After a five-year battle to save a former Girl Guide camp from closing, The Camp Tewateno Optimist Club volunteers are breathing a huge sigh of relief knowing it will live to see another day. 

The group had set up multiple fundraisers over the years to try to raise the $300,000 needed to purchase the 100-acre camp, but as their Oct. 30 deadline loomed, had begun to lose hope that the camp would be saved. Much to their surprise, a local group stepped up at the last minute to save the camp.

“Communities Connecting For Children decided to help us, and they put up the $300,000 for the camp. We were able to close the deal, but it didn’t close until Nov. 5 because they came on at the last minute and there was a lot of back and forth with lawyers,” said club president Joyce Goodenough.

“I have known those women for a long time as they were members of the original camp committee. I knew they had the best interest of the camp at heart and so did we," she said.

Communities Connecting For Children, a registered charity that brings outdoor education, cultural awareness and health and wellness to children and families, plans to keep Camp Tewateno as a campground, said Goodenough, adding the two groups will work together as partners to keep the property and the camp going.

Denise Calvert, president of the charity, said when they were approached by the Optimist Club about the camp, they jumped at the opportunity.

“We never thought in our wildest dreams that we’d be able to purchase the camp, but we were able to and we are very thankful to the Tewateno Optimist Club, and we are going to continue to partner with them,” she said. “The local Girl Guides will continue to use the property … and we will also have it available for the wider community - all kids, not just girls.”

The objective of the charity, Calvert said, is to educate children and youth to protect and preserve the environment.  
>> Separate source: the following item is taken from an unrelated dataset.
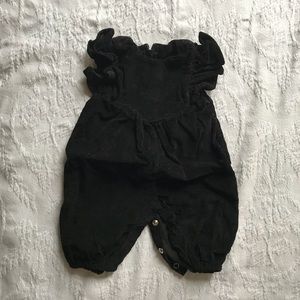 Black jumpsuit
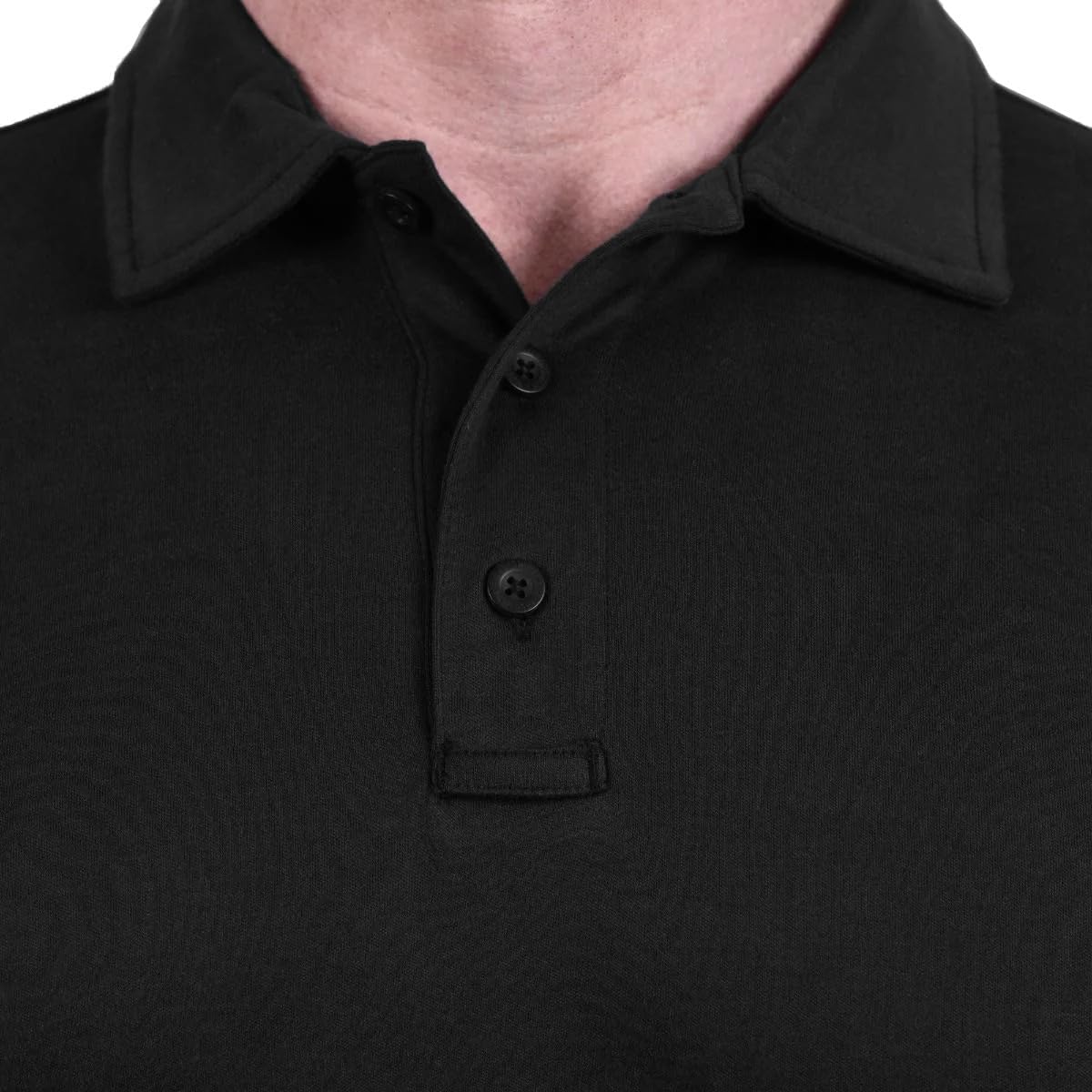 Propper Uniform Cotton Long Sleeve Women's Polo - Image 5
“The camp is a cultural heritage site … the sites are created after certain aspects of our own history in Canada. When we used it for Girl Guides, it was wonderful for them to be able to camp on one site, and then come back another year and camp on a different site and get a different heritage experience,” she said. “We hope to carry that tradition on.”
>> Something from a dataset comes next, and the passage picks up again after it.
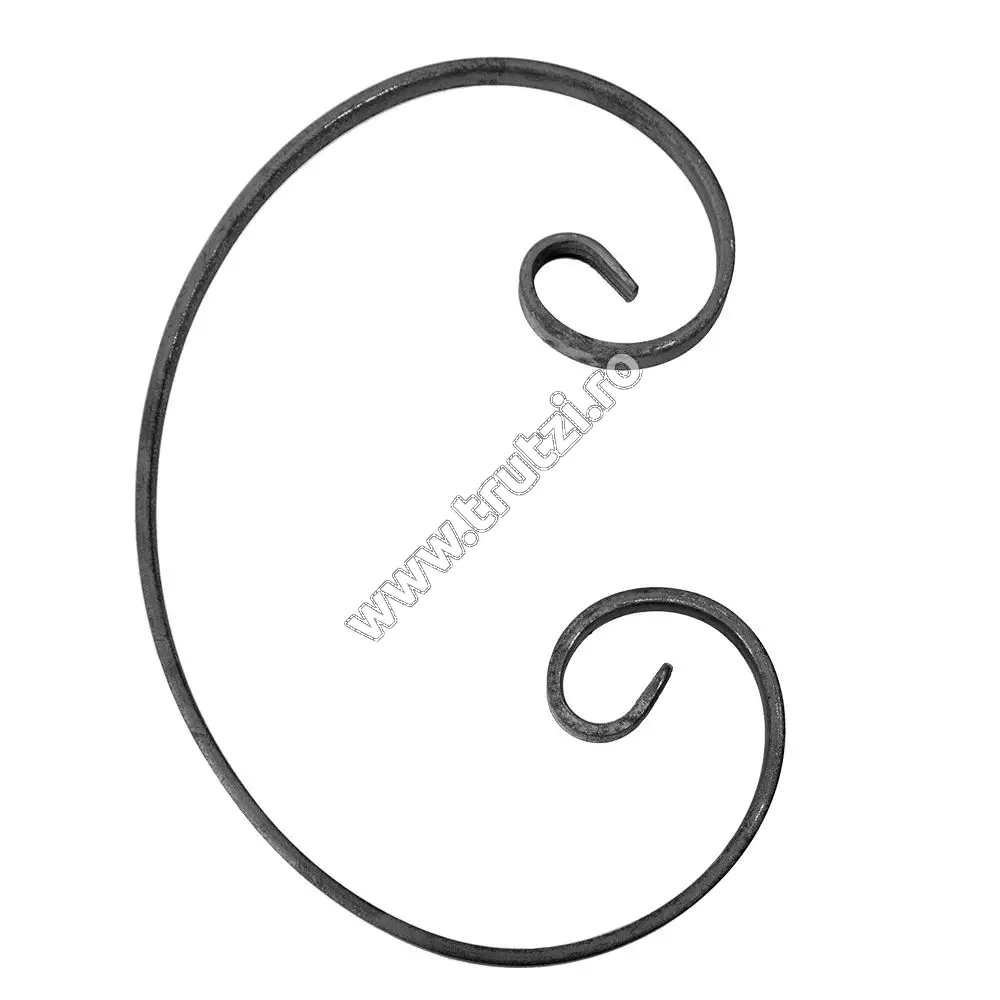 Imagine element "c" sect. 12x5mm, h 450mm, l 220mm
Calvert said over the next few months, the organization will be working on a name change for the camp.

“Tewateno means sisterhood in Wendat language, and we want to create, with the Indigenous people in the community, a name that encompasses community connecting," she said.
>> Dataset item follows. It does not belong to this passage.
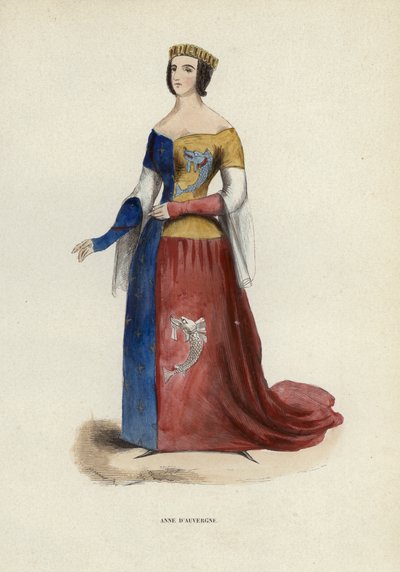 Anne van Auvergne door European School
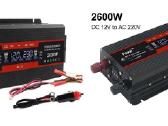 Daug modelių! Įtampos keitiklis 12v-220v 5000w - nuotraukos Nr. 6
Goodenough and her husband have spent the last several years travelling to the Midhurst-based camp from Innisfil on a weekly basis to keep the camp and the property from going into disrepair, and said it will be good for them to be able to step back a bit and take a break. 

“We have had four years of fighting for the camp, dealing with lawyers and going to court and everything else. We are getting tired and this does give us a chance to step away if we want to,” she said.

“We are part of the Optimist Club and the other members are wanting to do things with the camp as well. I think it will work out well,” she said. “The Communities Connecting for Children have a lot of young people involved and you need young people for the energy and the young blood to keep things going.”

The camp won’t reopen until the spring, she noted, adding there are a number of steps that need to happen before it can reopen and campers can return - but it will all be worth it.

“It’s been a hard battle,” she said. “We are looking forward to a whole new and different chapter for the camp now. It’s a relief for both Gary and I - and for the other members of the Optimist Club because right up until the end, we didn’t think we were going to be able to save the property at all.”